Dataset records:
= = = = = = =
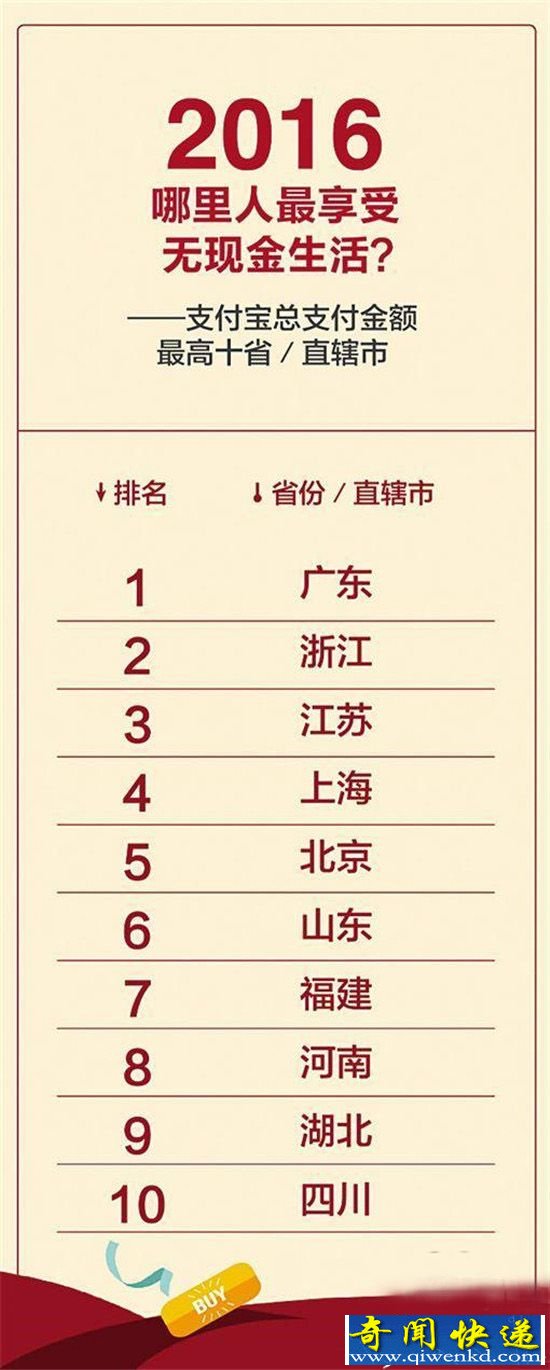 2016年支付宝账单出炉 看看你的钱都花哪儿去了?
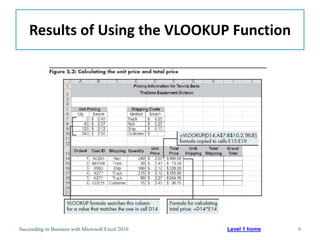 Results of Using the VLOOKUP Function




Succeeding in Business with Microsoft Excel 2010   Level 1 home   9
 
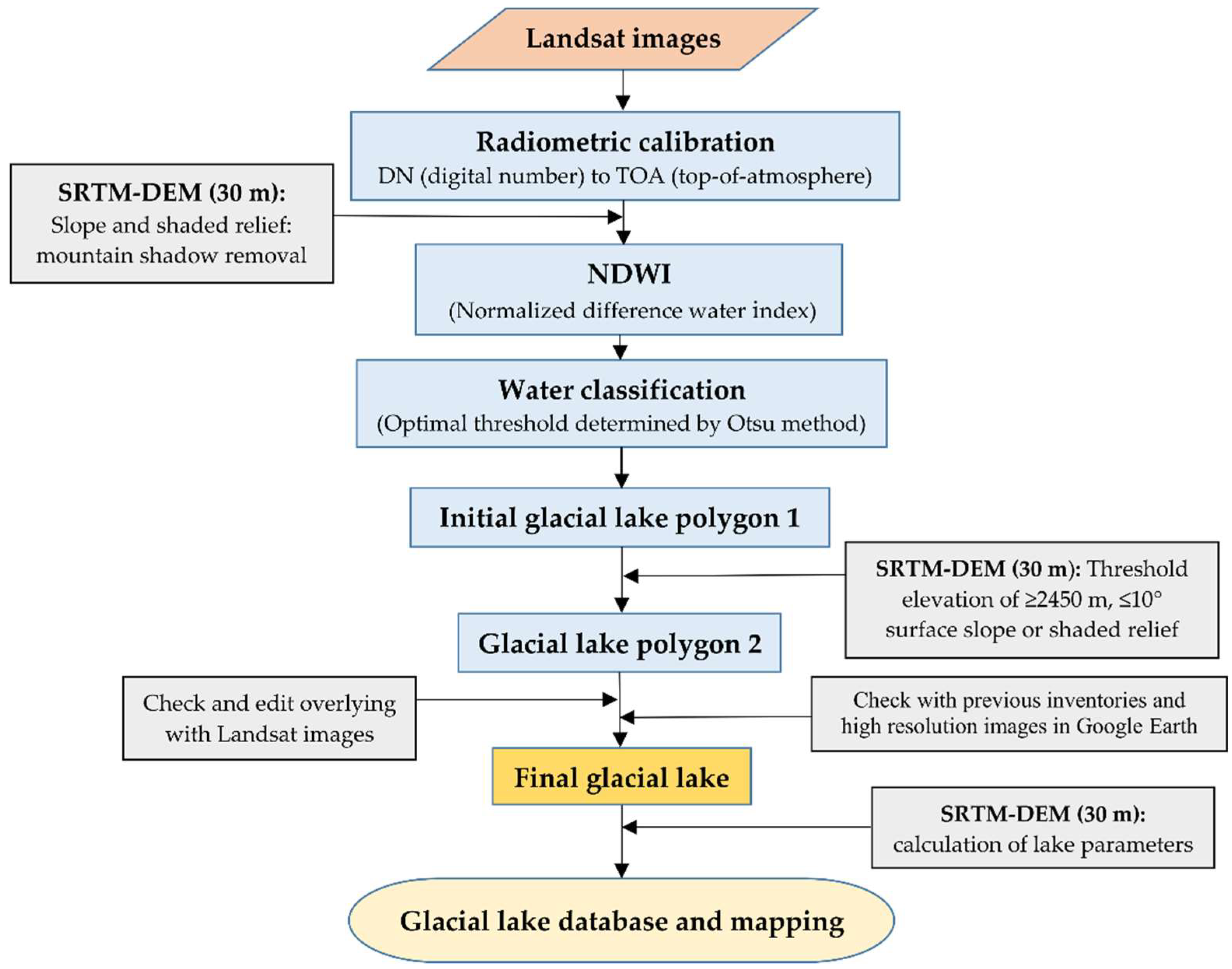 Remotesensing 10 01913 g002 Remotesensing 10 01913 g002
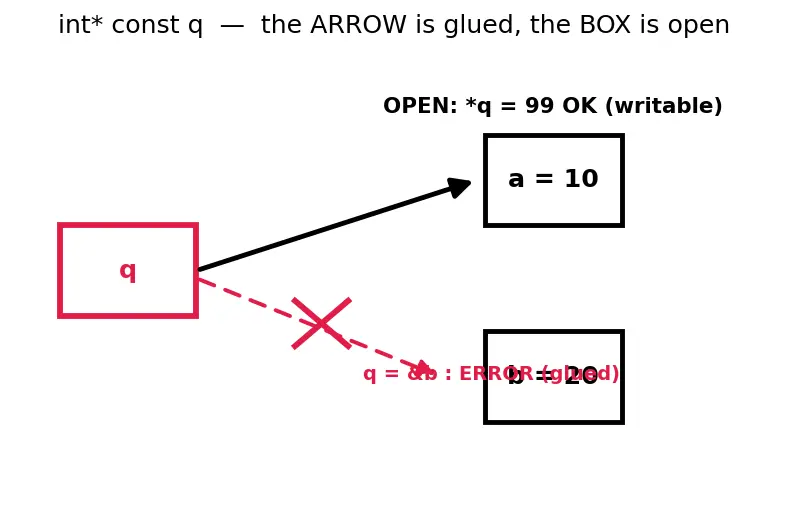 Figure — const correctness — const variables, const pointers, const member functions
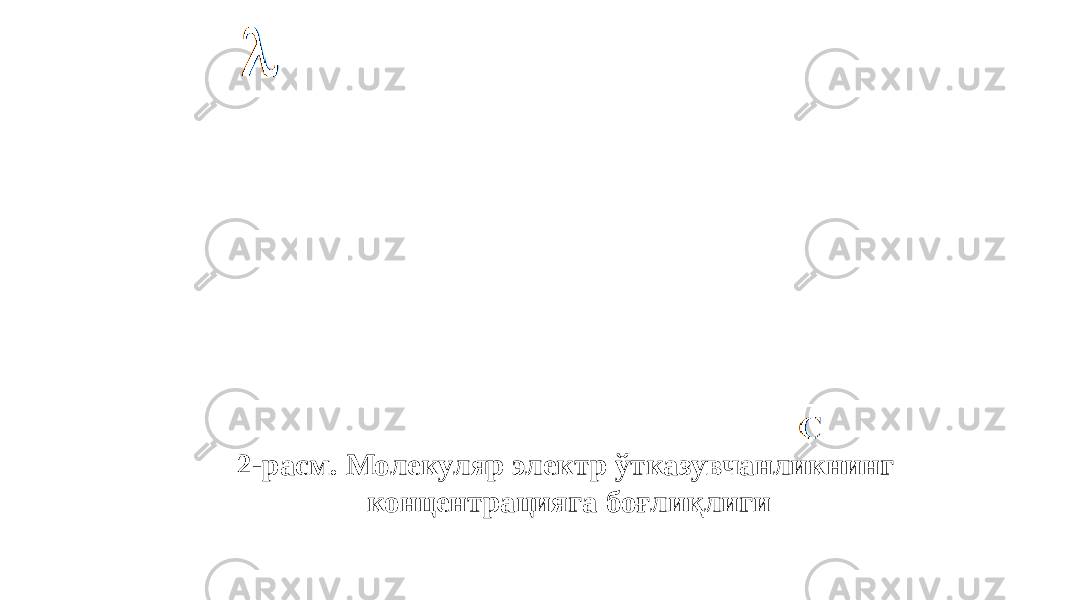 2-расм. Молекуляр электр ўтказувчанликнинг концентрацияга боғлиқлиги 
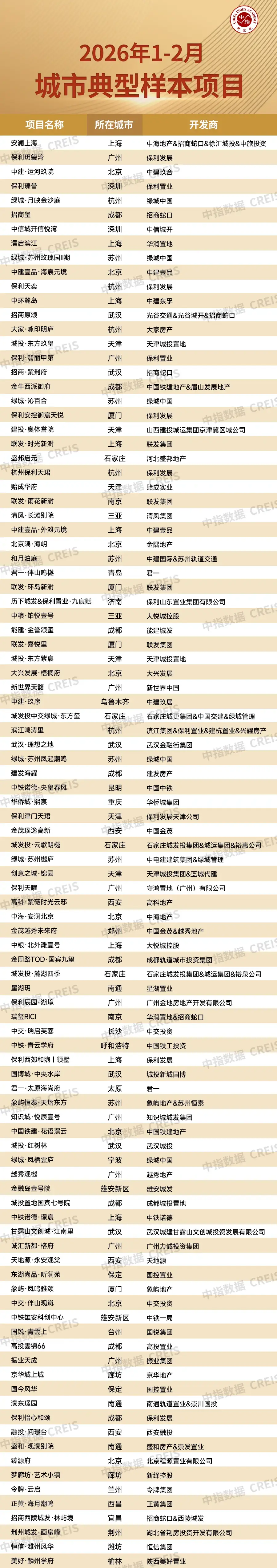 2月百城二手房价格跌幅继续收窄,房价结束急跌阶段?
= = = = = = =
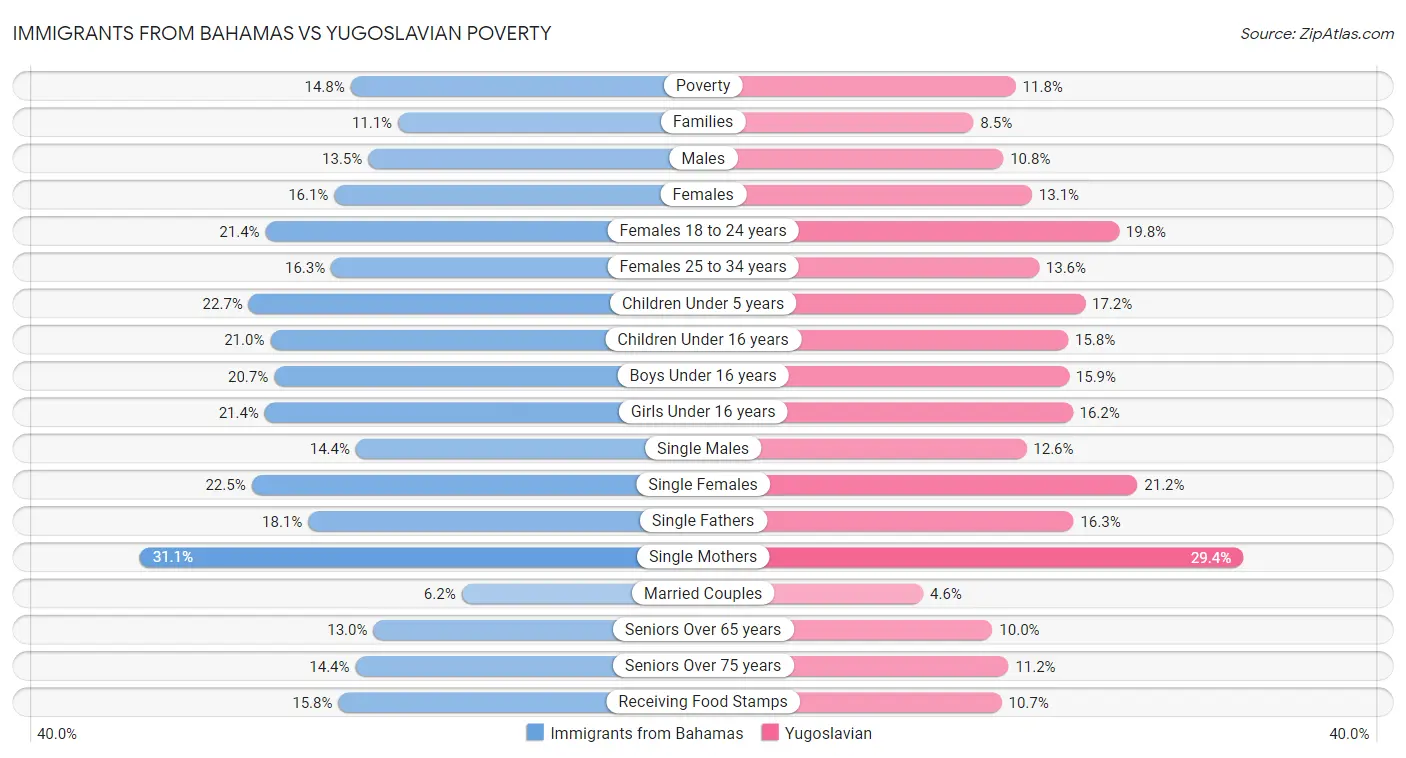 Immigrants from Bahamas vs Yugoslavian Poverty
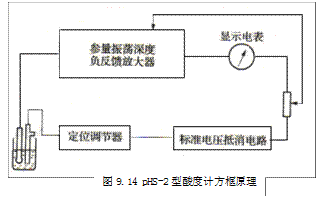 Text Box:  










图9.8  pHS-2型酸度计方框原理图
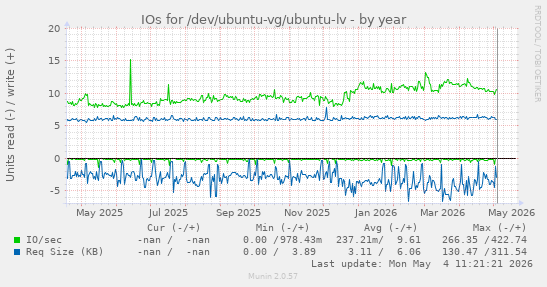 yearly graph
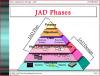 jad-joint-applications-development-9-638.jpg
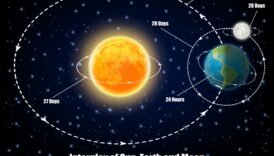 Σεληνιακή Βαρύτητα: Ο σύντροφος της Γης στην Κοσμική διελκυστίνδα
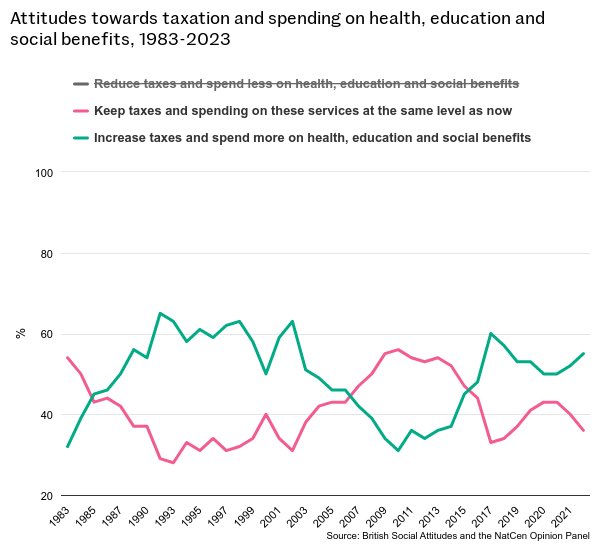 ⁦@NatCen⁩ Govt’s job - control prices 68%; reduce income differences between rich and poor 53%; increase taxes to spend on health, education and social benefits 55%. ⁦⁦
= = = = = = =
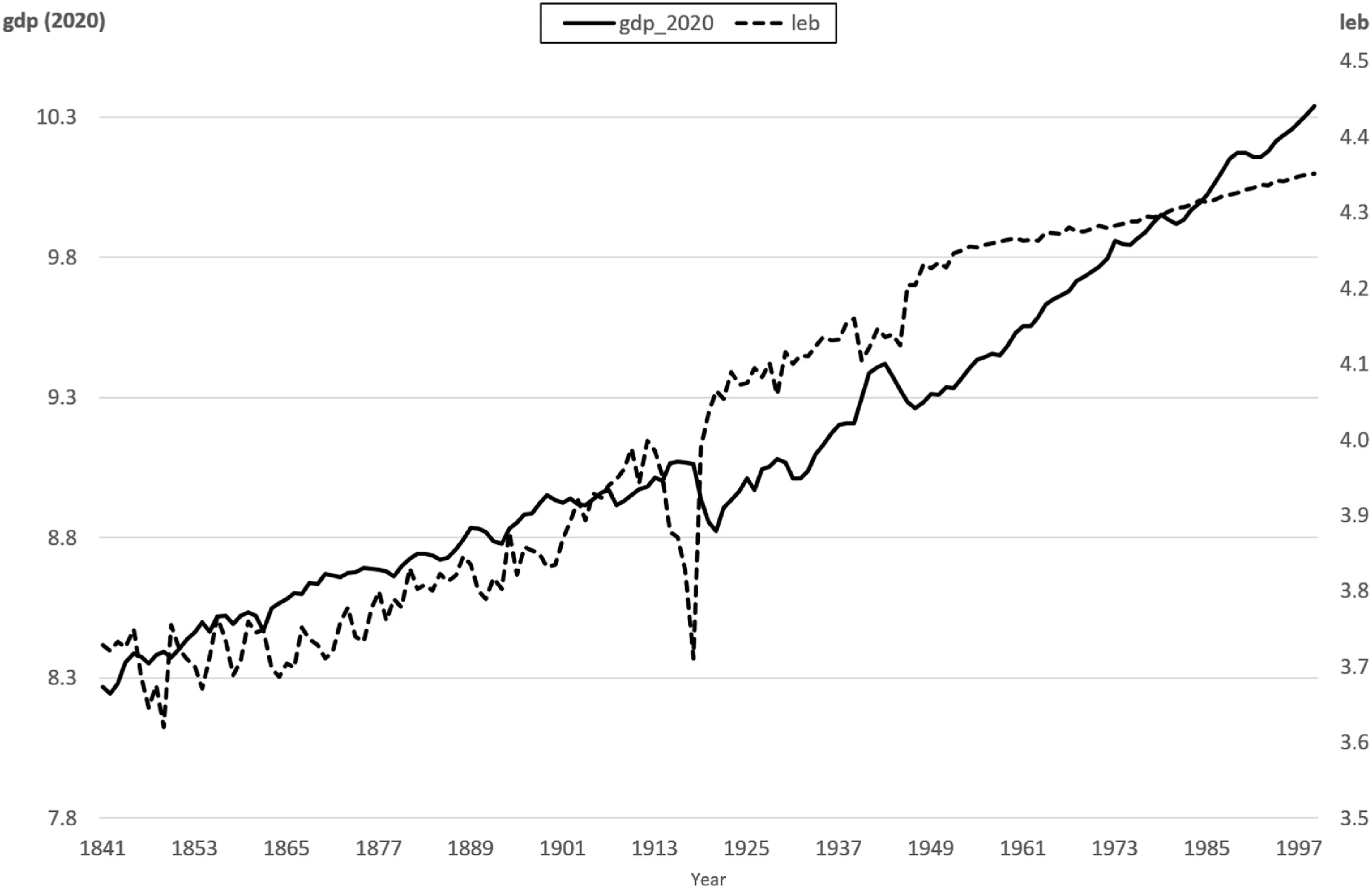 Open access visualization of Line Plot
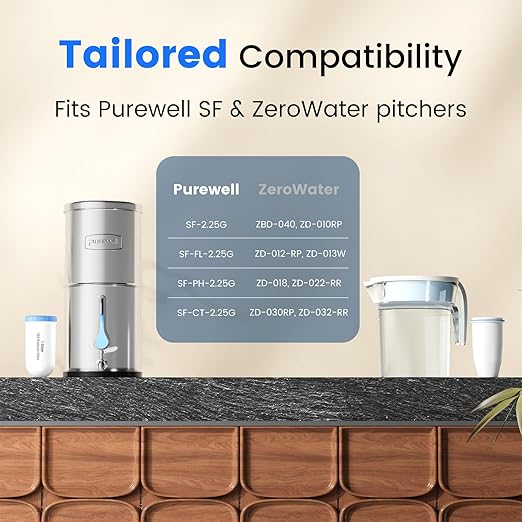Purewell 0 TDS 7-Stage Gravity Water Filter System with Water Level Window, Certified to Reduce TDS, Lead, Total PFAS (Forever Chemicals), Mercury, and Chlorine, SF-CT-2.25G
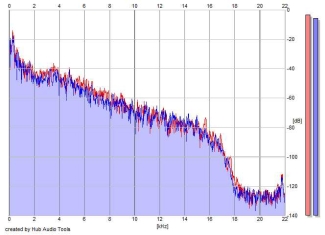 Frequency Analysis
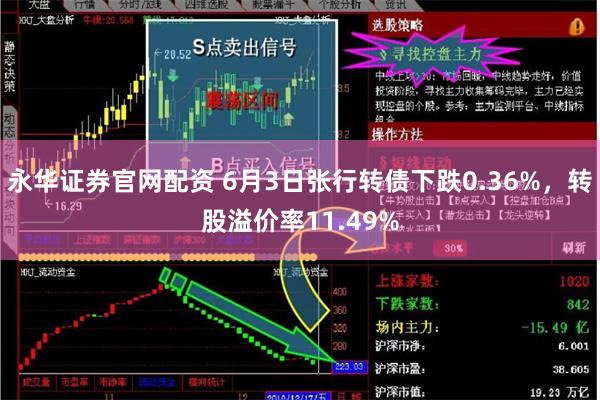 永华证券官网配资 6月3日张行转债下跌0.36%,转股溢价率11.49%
= = = = = = =
Directions: All lines above starting at the one with "Purewell 0 TDS" and ending at the one with "永华证券官网配资 6月3日张行转债下跌0.36%,转股溢价率11.49%", inclusive, are to be printed again exactly, with the pictures left out.

Your solution:
Purewell 0 TDS 7-Stage Gravity Water Filter System with Water Level Window, Certified to Reduce TDS, Lead, Total PFAS (Forever Chemicals), Mercury, and Chlorine, SF-CT-2.25G
 Frequency Analysis
 永华证券官网配资 6月3日张行转债下跌0.36%,转股溢价率11.49%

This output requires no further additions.